“Textual criticism (or lower criticism) is a branch of literary criticism that is concerned with the identification and removal of transcription errors in the texts of manuscripts. Ancient scribes made errors or alterations when copying manuscripts by hand. Given a manuscript copy, several or many copies, but not the original document, the textual critic seeks to reconstruct the original text (the archetype or autograph) as closely as possible.” – Wikipedia
Since 1986 I’ve harboured a tinge of geeky envy that my younger brother’s class got to contribute to the BBC’s Domesday Discs while mine did not. To work on this portentously-named project felt like a privilege. There was a genuine sense that these strange silver talismans would still yield up their secrets nine hundred years hence, just like William the Conqueror’s original sheep-skin Street View.
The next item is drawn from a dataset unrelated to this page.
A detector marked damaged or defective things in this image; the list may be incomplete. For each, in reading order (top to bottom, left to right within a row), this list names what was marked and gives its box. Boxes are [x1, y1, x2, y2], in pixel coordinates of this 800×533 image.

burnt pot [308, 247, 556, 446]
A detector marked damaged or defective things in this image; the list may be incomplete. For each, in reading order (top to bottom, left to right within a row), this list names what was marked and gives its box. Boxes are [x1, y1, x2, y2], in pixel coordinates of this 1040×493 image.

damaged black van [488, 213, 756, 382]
As it happened, the laserdisc technology became obsolete within less than a decade, leaving the data stranded in a pre-world wide web limbo.
But the Domesday Discs taught me a bigger lesson, one I hope to have carried with me into my later studies and career: that getting stuff right is really hard.
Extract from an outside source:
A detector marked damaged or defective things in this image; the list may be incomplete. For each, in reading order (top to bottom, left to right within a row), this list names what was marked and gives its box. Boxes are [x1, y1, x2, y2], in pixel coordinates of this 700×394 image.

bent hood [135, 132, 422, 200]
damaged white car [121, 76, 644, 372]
We discovered the first time we fired up the BBC Master microcomputer and spun the over-sized platter: someone had spelled my brother’s name wrong. So there he is immortalised in bits and bytes, survey team member for D-block GB-588000-207000, covering the village of Goldhanger, Essex…
The Domesday Discs were my first encounter with scribal error. Thanks to the BBC of 1986 I know you can’t believe everything you read, even if it’s engraved on a silver disc. And so does my brother Edumd.